The NATO countries represented in the G7 are the most influential members of the Alliance, Mr Kraiev notes, adding it was extremely important to convey Ukraine’s security vision to them on the eve of the Vilnius summit.
"Just as Mr Zelenskyy’s European tour was a preparation for the G7, so the G7’s backroom meetings are a preparation for Vilnius. It's a chain," the expert explains.
"If Ukraine is not ready to join NATO now, we need significant guarantees – approximately the same as in Sweden and Finland. We discussed this at the G7 and laid the foundations for the ideas that will be presented at Vilnius."
Training of Ukrainian pilots on fighter jets is set to begin this summer. While it is unknown how long it will last, Yahoo News reported last week that it could be reduced to four months instead of a year and a half.
As Ukrainian pilots undergo training, the partners will have to decide how, when and how many F-16s to provide Ukraine with – something that will be discussed at a meeting of NATO defence ministers in June.

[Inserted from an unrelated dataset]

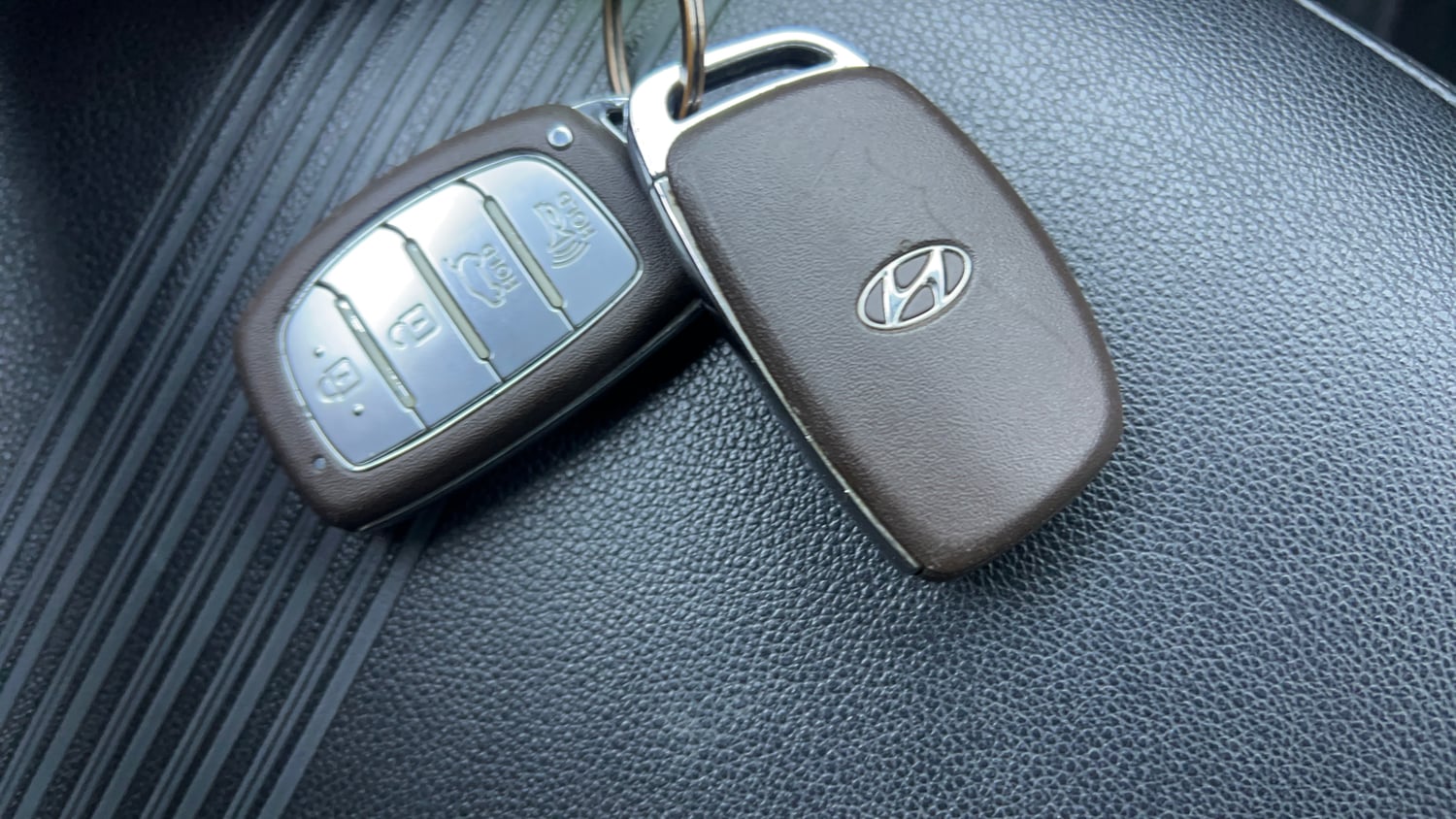 Used 2021 Hyundai New i20 Asta (O) 1.0 Turbo DCT Petrol Automatic extra CAR KEY VIEW
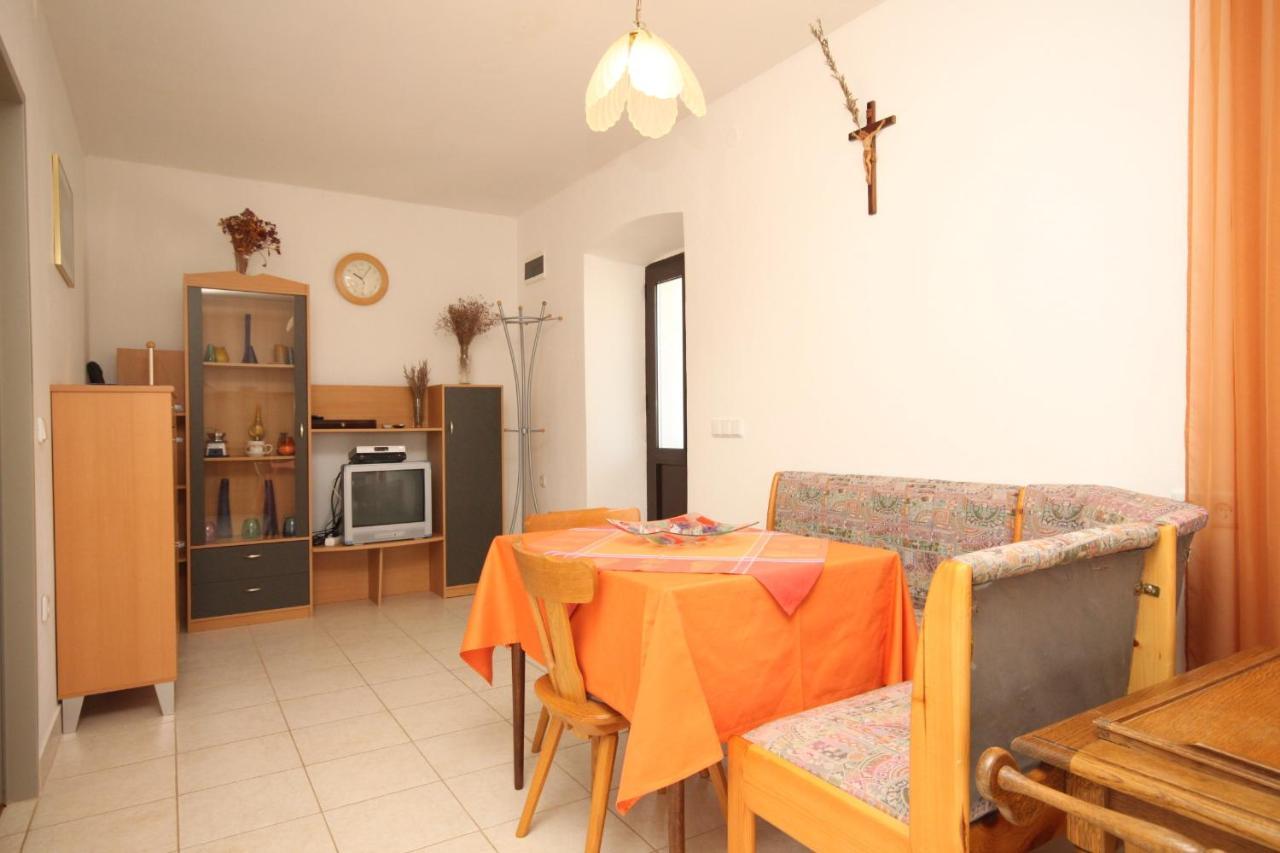 Apartments With A Parking Space Sali, Dugi Otok - 8084 Bagian luar foto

Ukraine earlier signalled hopes to receive forty to fifty aircraft, the first ones preferably in the autumn.
Mr Kraiev believes this is possible due to three factors: Ukrainian pilots will be trained; the infrastructure could be set up for F-16s, since they can now be protected by Patriot air defence systems; and the fear of escalation from Russia no longer plays such a big role, as Moscow has significantly exhausted its escalation potential.
The Euro-Atlantic security structure and Ukraine will be in the focus of the next strategic platform – the NATO summit in Vilnius, Ukraine’s ambassador to the Alliance Natalia Galibarenko earlier told LIGA.net in an interview.
And, while Kyiv understands NATO membership is a no-go during the war, its goal is ambitious nonetheless.
"There should be a clear commitment [to Ukraine's future in NATO], and it will become a reality when the security conditions are right," Ms Galibarenko said.